_Exercise details_
Among the records below, find the line that has "Race-day style: Zara"; from there, give the lines again exactly, and stop after the line that has "Wall Mural - Strawberries".

_Available records_
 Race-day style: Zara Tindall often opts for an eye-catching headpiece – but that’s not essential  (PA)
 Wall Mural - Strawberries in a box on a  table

---

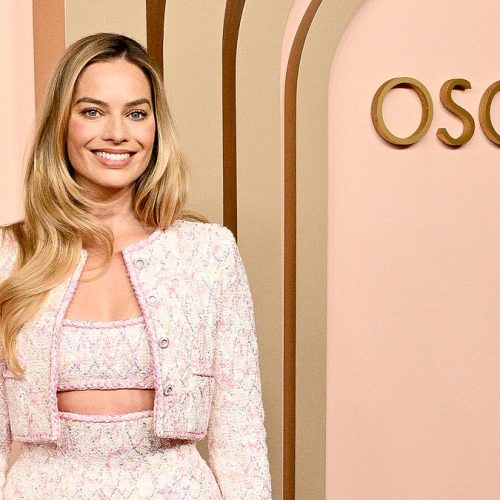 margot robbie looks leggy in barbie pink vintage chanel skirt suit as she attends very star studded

_Reply_
 Race-day style: Zara Tindall often opts for an eye-catching headpiece – but that’s not essential  (PA)
 Wall Mural - Strawberries in a box on a  table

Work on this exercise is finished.